Monday, February 20, 2006

Wonder of wonders...

It's just amazing (and yes, a bit sappy) how they steal your heart from the minute they arrive. For nine months, we only wanted the best for the growing baby, and I thought I was connected to (what turned out to be) him... but then he's born, and it's a connection and a love on a whole new level.
Everything went well, but after he was born, there was concern about his breathing so he went to the NICU for observation. All I can say is, there is no sweetness in parting... not sweet sorrow, not sweet anything. It was the most un-scary thing to happen in many ways, everyone was very calm, no one was running all around or getting crazy about him. But all I could think was that he was alone in that incubator, no one could hold him, I couldn't offer him comfort or fix what was wrong (which turned out to be nothing, but could have been something). It broke my heart that I had to be separated for his first hours in this world... and I knew (intellectually anyway) that everything was going to be fine. I have new respect for people who have to say goodbye to their babies for many days in the NICU because that would just about rip my heart out... it's one of those things, even though you know it's for the best, it's just scary and sad and not how you'd hope it to go.

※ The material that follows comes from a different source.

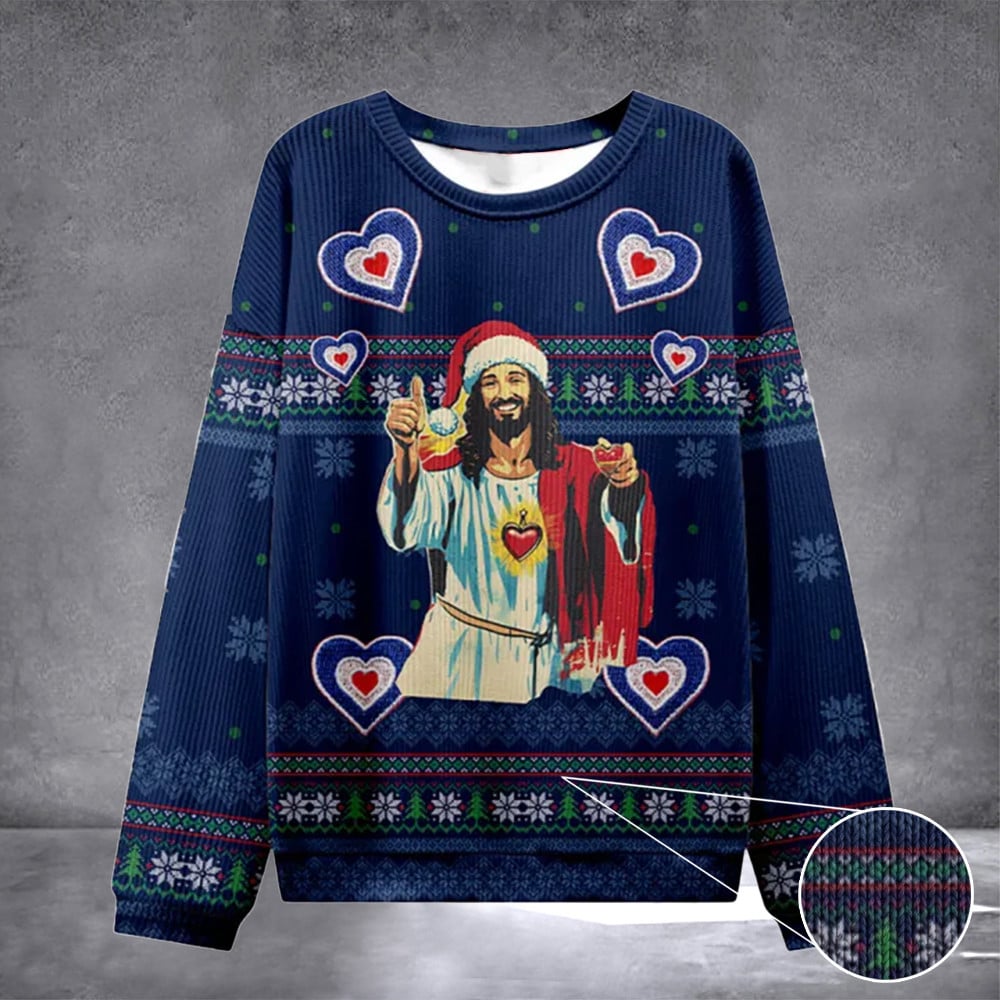 Jesus Loves You Heart Ugly Sweater Design Christmas Christian Sweatshirt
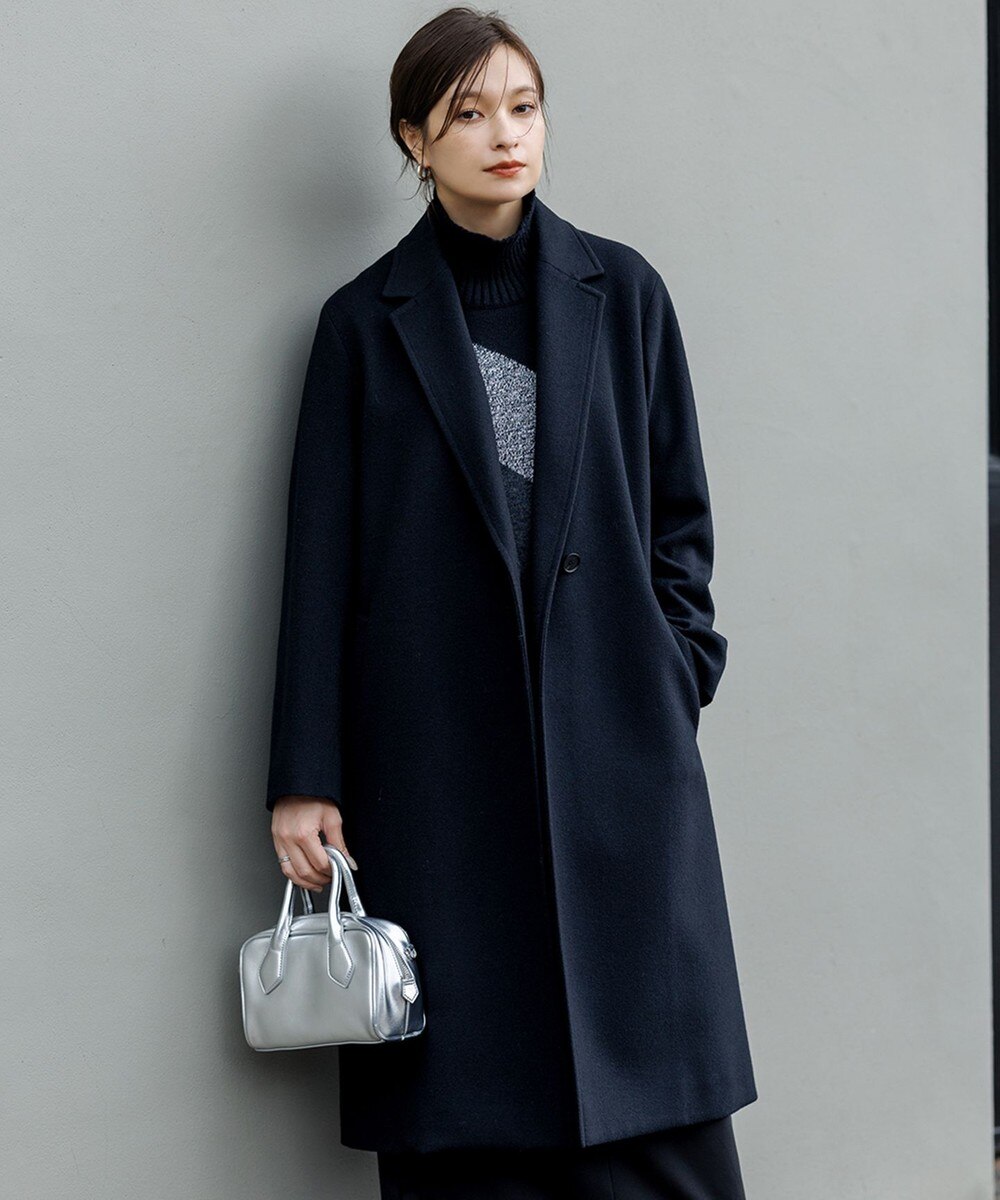 【オンワード】 ICB L（大きいサイズ）>ジャケット/アウター 【先行予約】ウールカシミヤメルトン チェスターコート ブラック 48 レディース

Anyway, needless to say our sweet #2 is amazing. He's perfectly formed, and perfectly alive, healthy and safe. Sigh. Makes me feel full to overflowing.

1 Comments:

Blogger jay are said...

CONGRATULATIONS!!!! :)
So happy to hear that all has turned out well. I can well imagine (though not totally, I know) how terrible it would be to have baby whisked away. So glad it was nothing....
And so glad he's here! Can't wait to see him. I bet #1 is a pretty proud brother....
Hope you're taking care of you, too.